Finishes to Protect Thermal Management Solutions
Custom heat exchangers and cold plates are often coated for corrosion protection or for cosmetic purposes. Chemical conversion coating, anodization, e-coating, and painting are four coating options that will help to minimize corrosion and/or result in a more attractive component.
Chromate, Chem Film, or Alodine
One of the most widely used coating options is chemical conversion coating or chromate conversion coating, also known as "Chem Film" or alodine. Conversion coating helps to minimize surface oxidation and is often specified for military as well as commercial heat exchangers and cold plates. It also sometimes serves as a surface preparation for paint.

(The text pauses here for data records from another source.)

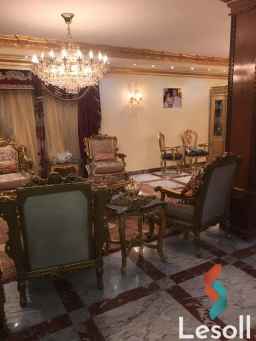 فيلا للبيع 600 م غرب سوميد _ السادس من اكتوبر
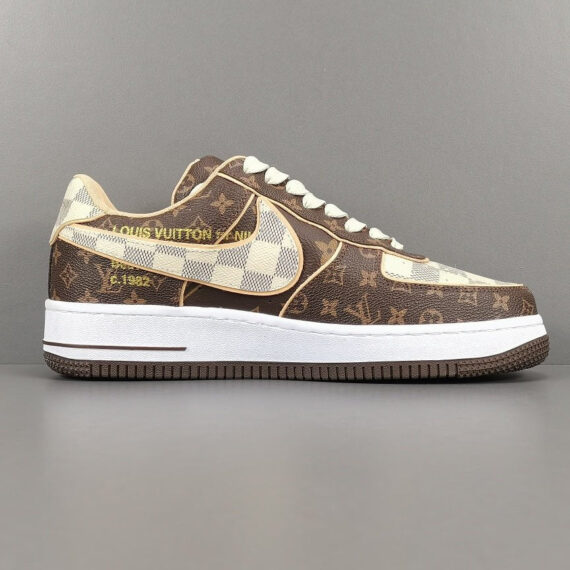NIKE AIR FORCE 1 x LOUIS VUITTON BROWN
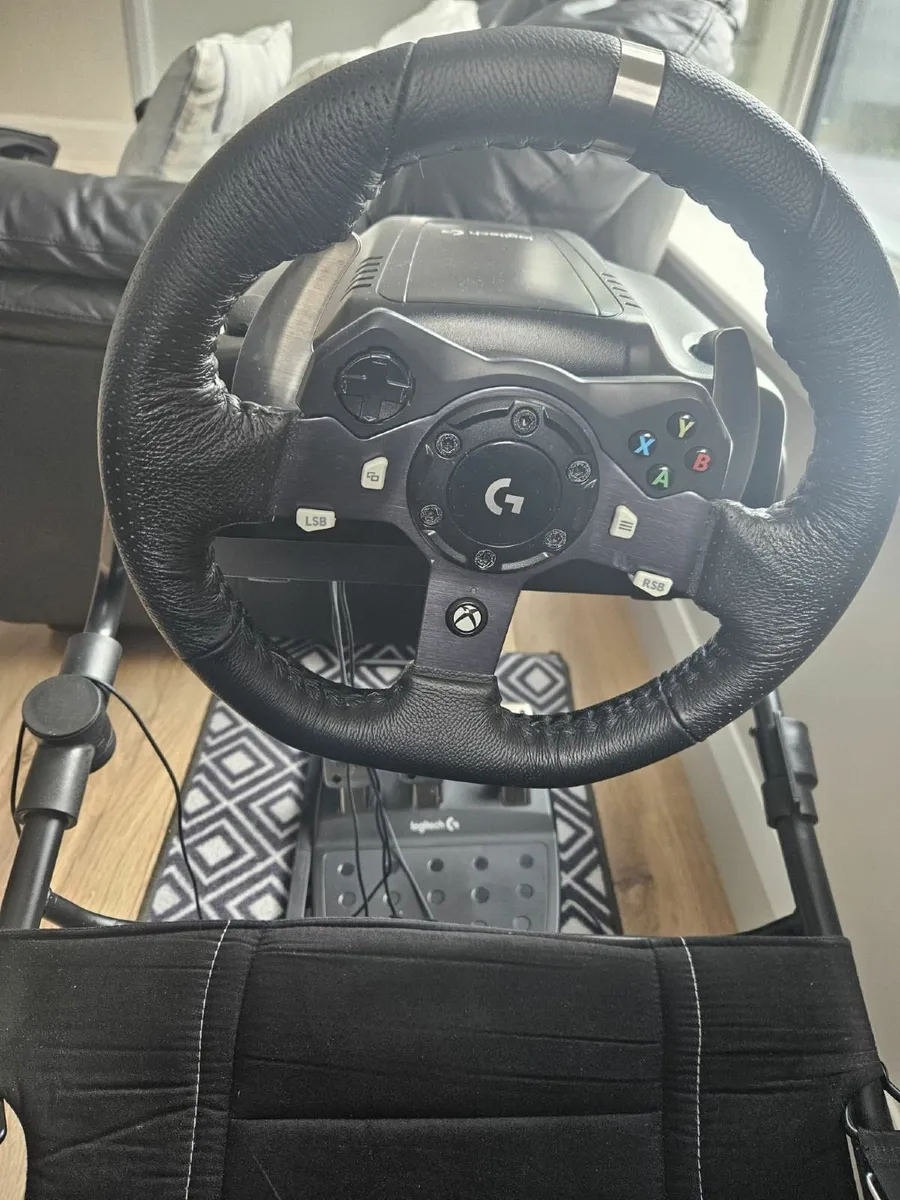GR Racing Seat, with Logitech wheel and pedals - Image 4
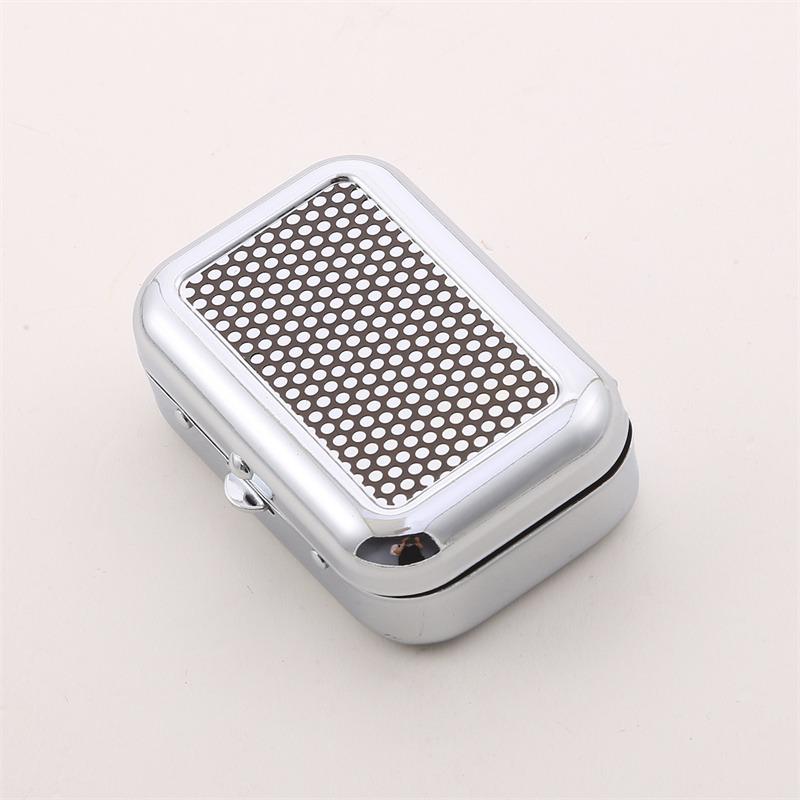 Mini Portable Metal Cigarette Ashtray Fashion Ashtray wiht Lockable Lid Desktop Ash Case Outdoor Pocket Ashtray Gift For Man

Another option that can be used to protect aluminum is anodization. Anodizing minimizes corrosion and abrasion by modifying the crystal structure close to the metal surface. It produces a harder part with even greater corrosion protection. However, it is more expensive than chemical conversion coating.
Electrodeposition or E-Coat
A third coating method that provides corrosion protection is called an e-coat, also known as electrodeposition or electrocoating. A DC charge is applied to a metal part immersed in a bath of oppositely charged paint particles. The paint particles are drawn to the metal part and paint is deposited on the part, forming an even, continuous film over the entire surface. Of the four types of coatings described here, it is the most expensive type of corrosion protection.
Heat exchangers and cold plates may also be painted for corrosion protection or cosmetic purposes. For example, copper heat exchangers are sometimes painted for aesthetics since uncoated copper may change color over time.
Although these are four of the most common coatings for heat exchangers and cold plates, there are a large number of coating options available to Original Equipment Manufacturers (OEMs).